Through cosplay, I have found a fun and enriching “hobby” I can enjoy with my husband and friends. In addition, I give back to charities and my community.
Not long ago, I decided to add another character to my cosplay repertoire. She too is a strong, female Superhero. Captain Carter is not as well known as Wonder Woman, but they share many similarities. I mention her, because both characters are often shown carrying a shield.
Recently, I was working in a personal growth session. We were focusing on getting rid of past pain and anger, particularly regarding my late father. I was asked to close my eyes, clear my mind and visualize being in an empty room with him. Immediately, my eyes began to well up. I was asked, what do you feel?
Anger, I said.
Is there anything in the space between you and your father?
Yes, I said. I’m behind a wall of anger. I’m shielding myself.
What does the shield look like?
It looks . . . . not that different from what I carry as Wonder Woman, I said. But perhaps a little bigger.
That moment was an epiphany for me. From years and years of feeling unprotected, defenseless and under attack as a child, it makes perfect sense that as an adult I would choose to represent the most iconic female Superhero of all time. Every time I suit up, I subconsciously vow that no one will ever be unprotected while I am around.
As an adult, I usually feel pretty strong, confident and fearless. But in costume, it’s like those feelings are magnified. Even though my sword is resin and my shield is foam (however, I do have an 8 lb. metal shield) the power of this character surges through me. Being in full costume feels so natural, so at home, it’s almost like something within me, something that’s always been there, is reawakening.
This all may seem obvious to those reading this now or even to those who know the environment I grew up in, but this discovery was extremely powerful and meaningful to me. From the painful chaos I experienced as a child, this realization has helped me to see with more clarity that the tapestry of who I am is continuing to evolve.

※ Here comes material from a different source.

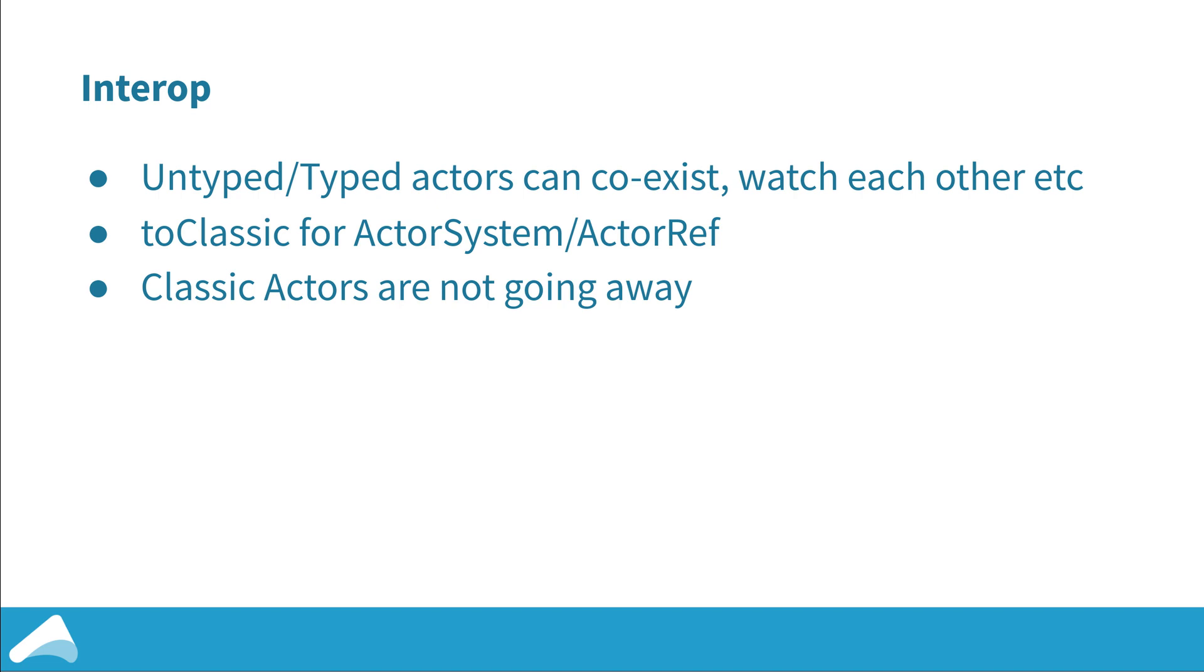You might be asking yourself what do I do with all my existing actor code. Previously we've called these untyped, but from now on in the documentation we're going to refer to these as classic actors and you don't need to worry about that because they can completely coexist. You can have a classic actor spawn and watch a new actor and vice-versa. We're not expecting people to go and convert all the code bases and classic actors are going to be around for a long time.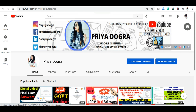Hi everyone, welcome to my channel. My name is Priya Dogra and I am back again with another video. I am going to give you a free course of Python and MySQL — how to enroll, which course is available, which people will benefit, and how to get a certificate. I am going to give you all the details in this video. So let's start without wasting any time.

I realize the experiences of my childhood, helped shape me into who I am (for better or worse). However, now I have the power to choose what I hold onto and what I let go of.
I choose to hold on to
My strength – of mind, of body, of will
The core values I hold dear
The strong woman I am.
I choose to let go of
The pain and anger (my armor and shield)
The fearful little girl I was.
We are never too old, or too adult to grow. We should strive to continue to better ourselves. To evolve past our old pain and traumas. To emerge like a butterfly or a phoenix, reborn, and anew. If resonating with a Superhero or playing dress up helps me get there, then I’m all for it.
Try not to judge others. You have no idea what dragons they’ve had to fight to get here. And we are all fighting our own battles!